Thursday, June 29, 2006

The Dark Lord of the Sith chimes in...

"The subordination of the Persons to the essence, inherent in the structure of his theology, also provides Augustine with the means to attempt to distinguish the Persons from each other. Having assumed an absolute simplicity, the Persons can no longer be absolute hypostases, but are merely relative terms to each other, thus occuring on an even lower plane than the attribute proper. 'The terms (Father, Son, and Holy Spirit) are used reciprocally and in relation to each other' [Augustine De Trinitate, 1:8:15]. There is a subtle, but nevertheless, real play of the dialectic of oppositions here. One no longer begins with the Three Persons and then moves to consider their relations, but begins with their relative quality, the relation between the Persons, itself. In other words, there is an artificial opposition of one Person to the other two. It is at this point that the flexibility of Augustine's Neoplatonic commitment begins to surface in a more acute form."

--Joseph Farrell, Introduction to The Mystagogy of the Holy Spirit of our Father among the Saints, Photius the Great, Patriarch of Constantiople (2001), p. xx-xxi.


Jason Loh said...

Dan and Photius,

I subscribe to Augustine's maxim that the "The terms, Father, Son, and Holy Spirit are used reciprocally and in relation to each other" [as per De Trinitate, 1:8:15]. I believe this is grounded on the premise that each *Person" fully and exhaustively inhere/indwell in each Other (i.e. perichoresis).

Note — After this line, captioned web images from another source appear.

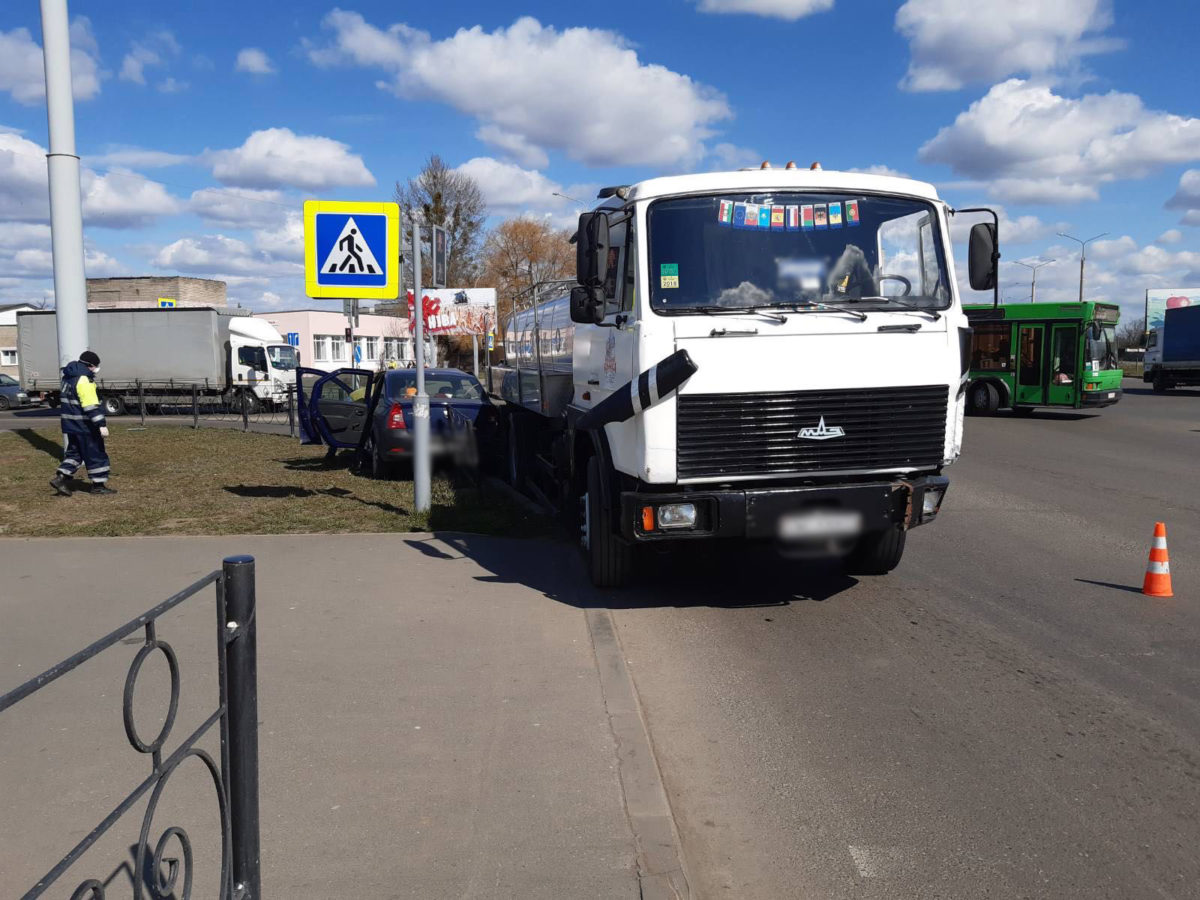 В Бобруйске водитель молоковоза вытолкнул с дороги  Dacia Logan (добавлено видео)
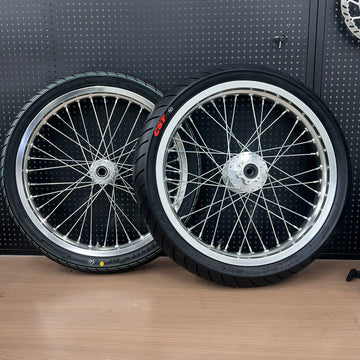 Light Bee Supermoto Wheel Set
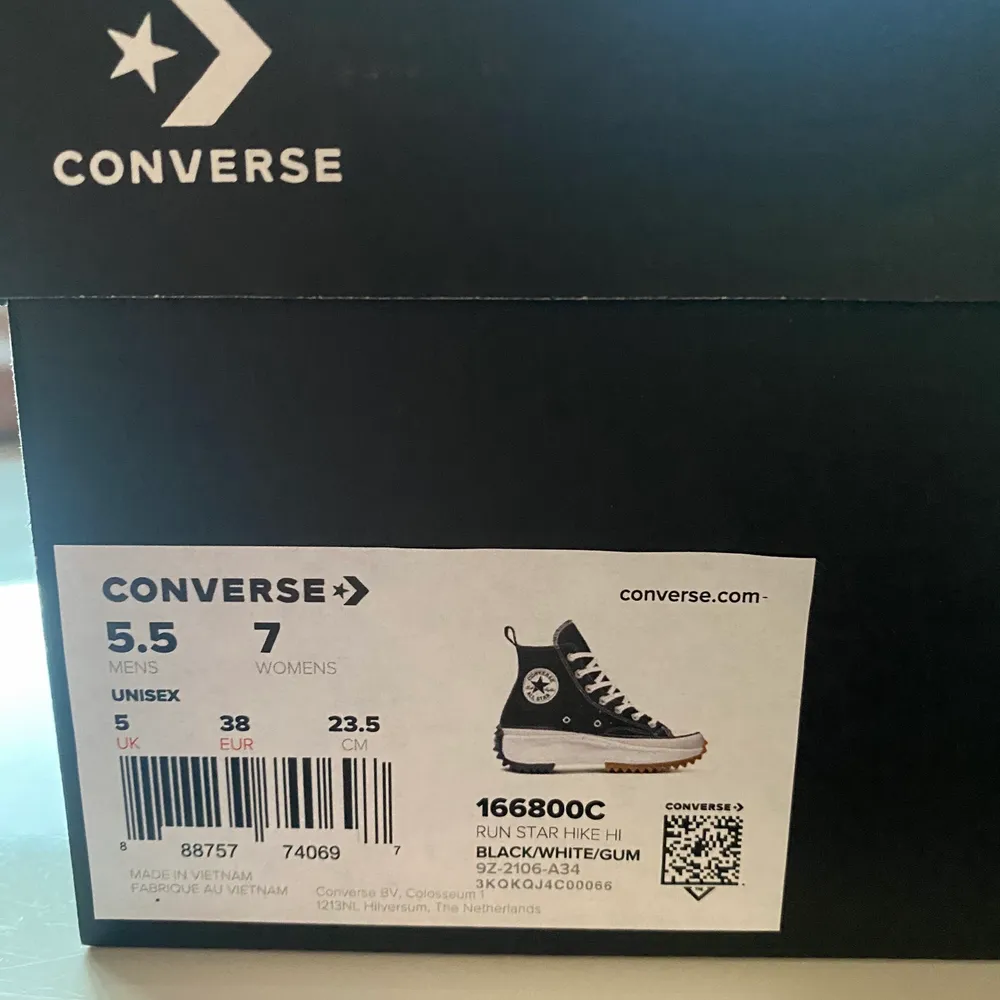 Helt nya, oanvända Converse, de är slutsålda överallt och därför chansade jag i att beställa en mindre storlek, i hopp om att de skulle vara stora i storleken. Endast provat höger, vänster sko är helt oprövad. Nypris 1199 . Skor.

Even as we do not exclude the Son and Spirit from the prominent activity ad intra ascribed to the Father such as the decree of predestination, or exclude the Father and Spirit from the Incarnation considered as the Son's activity ad extra, so do not exclude the Only-Begotten and His Breath from the One we address as Father most pre-eminently and uniquely in the liturgies. The Son is (in) the Father, not by virtue of the Personhood but Essentially, i.e. He is What the Father is in Power, Glory and Majesty and vice-versa. The Son is distinguished from the Father in Their Self-Consciousness and Relations.

At Baptism and more fully at Confirmation, the Trinity comes and dwell in us by the Spirit. Colossians 2:9 says that for in Him dwelleth the fulness of the Godhead bodily. This is only true because the Spirit is the Spirit of the Father and His Son.

When we praise God the Father for His wonderful and glorious work of creation, the adoration addressed peculiarly to Him passes to the Son also for both share in the one and same Power, Glory and Majesty. Just as the veneration of an icon is not intended to terminate in the visual medium, likewise the glory ascribed to the Father does not revolve around Him only as if the Power, Glory and Majesty of the Godhead can be "divided" according to peculiar attributes of each Person.

lexorandi2 said...

Hi Jason,

Yes, I subscribe to the doctrines of perichoresis and appropriation if you were wondering, and I'm glad you do too and can articulate these concepts reasonably well. But I think you're missing the point of +Photius' (Farrell's) statement.

Here's where Christology can help us by illustration. Chalcedon obliges us to understand that nature is dependent on person. The Chalcedonian definition insists that the PERSON of Christ is a principle in its own right, which in turn constitutes the UNITY of the two natures -- Divine and Human. Thus it is not the Divine nature, let alone a "Trinitarian nature," that assumes the human nature in Christ, but rather the Divine Person of the Son. (The former would require us to think in terms of the entire Trinity becoming incarnate, which is an absurdity).

In short, Chalcedon forces us to consider PERSON as a first principle in theology, not nature, and thus to acknowledge Person as a substantial reality in itself. Thus in Trinitarian thought the Persons cannot be thought or conceived of as simply modes of Divine being as it seems you are suggesting. Rather the Persons possess the one Divine nature as three substantial realities in their own right.


Photius said...

Basil's letter 38 to Gregory of Nyssa (which was actually probably written by Gregory of Nyssa) is a key text to understand the Cappadocians on Person/Nature.

For 220 pages, Farrell's dissertation "Free Choice in Saint Maximus the Confessor" traces out a whole method and theological grid to understand these questions.

Dr. Dunlop, have you had a chance to look at that one?

lexorandi2 said...

Unfortunately I don't own it. Last I looked it wasn't available.